Sungguh sangat berat buat saya untuk bisa menyesuaikan diri. Oleh karena saya tidak biasa hidup ditengah-tengah daerah yang sangat kuat Islamnya, dimana perempuan tidak bisa bergerak leluasa. Akhirnya saya mendapat jalan untuk lebih memudahkan orang-orang perempuan itu datang menhadiri rapat-rapat kami. Mereka banyak mengenal tari-tarian setempat. Laki-laki melarang istri mereka keluar rumah jika sendiri-sendiri, tetapi tidak jika merka pergi bersama-sama. Lalu kami membentruk kelompok-kelompok kesenian, menari dan menyanyi, yang tidak terlarang bagi kaum perempuan. Tetapi kami tidak berhenti di situ. Kelompok-kelompok ini kami beri isi. Kami berdiskusi tentang soal-soal sehari-hari bersama mereka. Dengan sangat mudah kita bisa mendidik perempuan tentang soal-soal ekonomi melalui kegiatan arisan. Sekali kita mulai bicara tentang bagaimana yang sebaik-baiknyta perempuan membelanjakan uangnya, seketika itu tibalah pada soal tentang kenaikan harga-harga. Dari situ lalu bisalah kita bicara tentang siapa yang bertanggung-jawab dalam persoalan harga tersebut. Lalu bisalah sudah kita mulai bicara secara langsung tentang pendidikan politik.

Sesudah akhirnya mereka mengerti tentang apa cita-cita Gerwani, banyak orang-orang perempuan yanng memberikan dukungan kuat pada kami, walaupun mereka itu beragama Islam. Mereka membenci suami mereka yang berpoligami, dan senang menghadiri rapat-rapat kami untuk membahas persoalan itu. Mereka juga sangat senang belajar bagaimana mebuat kue-kue, dan membahas masalah situasi politik.

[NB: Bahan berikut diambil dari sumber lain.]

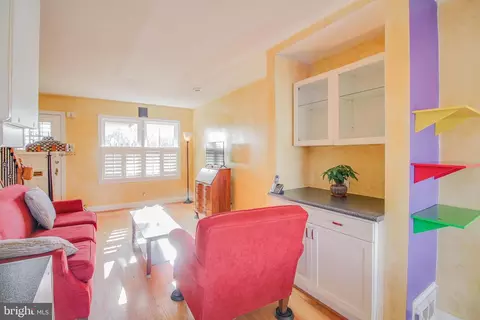 Dining - 2918 Strickland St, Baltimore, MD 21223 photo 3 of 3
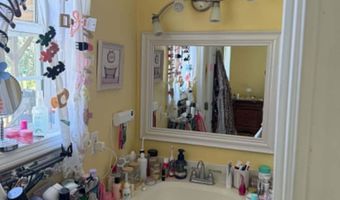 64 Lozano Rd, Albany, KY 42602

Yang paling menarik untuk anak-anak gadis ialah hak menikah atas dasar suka sama suka, sedangkan untuk ibu-ibu khususnya masalah perjuangan melawan poligami. Juga kaum buruh perempuan sangat senang mendapat dukungan kami untuk tuntutan mereka, agar tersedia balai penitipan anak dengan biaya pembayaran yang rendah.